They were using this understanding to maintain an oligopoly – a system in which a few providers dominate the market – in the petrol station industry.

About 65 percent of fuel sales across Germany are made by the big five. Each company, rather than the franchise-holder of any petrol station, sets the prices for the whole chain.

The Bundeskartellamt monitored price changes at more than 400 petrol stations from 19 fuel companies between January 2007 and June 2010 in the areas of Hamburg, Leipzig, Cologne and Munich.

In almost all cases, either Aral or Shell was the trailblazer in hiking its prices across large areas. Exactly three hours later the other firm would adjust its own prices to match the first one. The three other major firms would then also follow suit in predictable time patterns.

The watchdog said concrete action was needed to deal with breaches of the law.

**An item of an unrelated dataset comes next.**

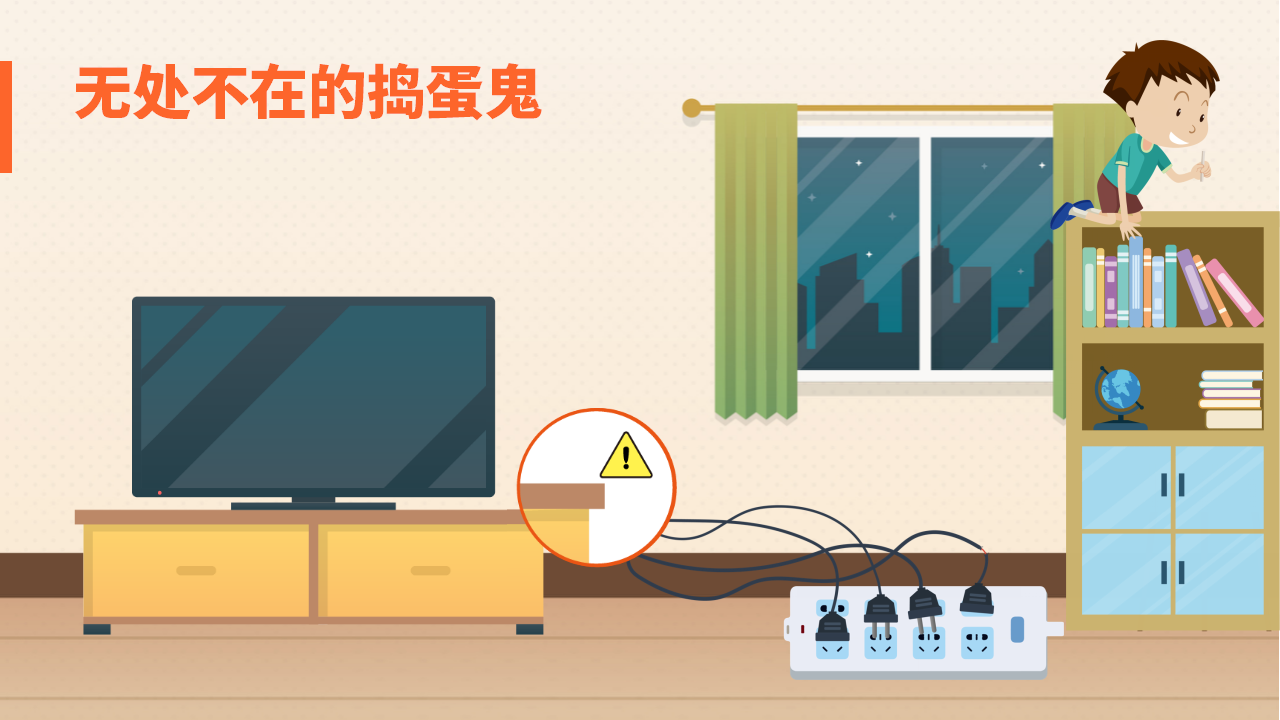 在家安全我知道_11.png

It called on lawmakers to examine whether improvements to regulations protecting consumers could be made to prevent oligopolistic pricing. Mundt said the watchdog felt a bit like an umpire in a sporting match who was powerless to do anything.

“Perhaps the rules of the game should be changed a little,” he said.

He pointed to Western Australia as a possible model for changes. There, daily petrol prices have to be announced the previous day. However, changes to the law would be needed to enforce such a measure here in Germany.

The watchdog would take a very tough approach in future to any proposed mergers, he said.

“On the basis of our findings, we will prevent further concentration in the petrol station market and ensure that the oligopolists do not abuse their market power,” Mundt said.